Larry spent a lot of time behind the closed door of his bedroom after he moved in late that summer. If he was in a common area of the house, he might mumble hello or say nothing. But I never once saw Larry and Anthony talk to each other. I noticed playfulness begin to drain from Anthony’s pranks. He had found freedoms to explore after the grief from his father’s death lifted. But there was no bottom to Larry’s silences, no way to appease the experience of war, and so no end to it as far as Anthony could tell.

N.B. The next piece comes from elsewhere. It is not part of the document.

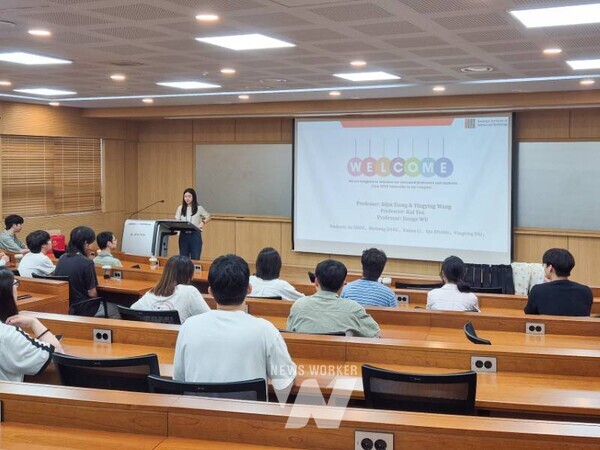 ‘GIST–HUST 학술 교류 프로그램’ 종료 후 GIST와 HUST 양교 교수 및 학생들이 GIST 캠퍼스에서 기념촬영을 하고 있다.[사진2] ‘GIST-HUST 학술 교류 프로그램’에서 GIST 신소재공학과 이은지 교수가 학생들에게 환영 인사를 전하고 있다.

Dominic was to be home by 9 that Halloween night. It was still mild out so we had the windows in the house cracked. Around 9:30 I heard tires squealing and police sirens from the direction of Peach St., a major thoroughfare. I learned later from Dominic that, aside from their fire play, he and Anthony had pushed Big Wheels and plastic toys into the middle of the street.
I’d forgotten about the sirens converging on Peach St. when I smelled smoke in the air. I turned the local TV news on low so my mother couldn’t hear from the kitchen. Huge flames cut through a garage roof. Other footage showed smaller fires in alleys not far from us. A car was on fire.

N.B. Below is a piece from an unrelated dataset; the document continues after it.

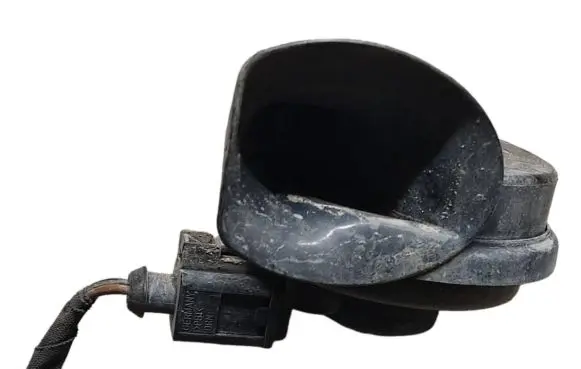 Audi A4 S4 B6 8E 8H Horn signal 8E0951223 E1000209 A28657625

The sirens I heard gathering in the distance this time didn’t stop at Peach St. They grew louder and louder, until blue and red police beacons lit up our living room like a disco. People came out of their homes and stood in the street. Larry cupped his his ears, Mrs. Sacco clutched his waist. Squirming from the backseat of a cruiser and reaching their high-top sneakers to the pavement were Anthony and Dominic, wide-eyed and teary. A policeman confronted my mother and Mrs. Sacco with tickets and told them there would be restitution notices to come for the damages. While the police filled out their forms, we all stood there hypnotized by the flashing lights. Except for Mrs. Sacco.
“You have to do something,” she said to Larry. “You have to talk to him!”
“This isn’t gonna work,” Larry said.
Though he had no place of his own, Larry began walking toward his car.
“Is this what you want, Anthony,” she sobbed, “is this what you want?”
A look of panic replaced Anthony’s tears, as if he was about to commit another calamity and was powerless to stop it.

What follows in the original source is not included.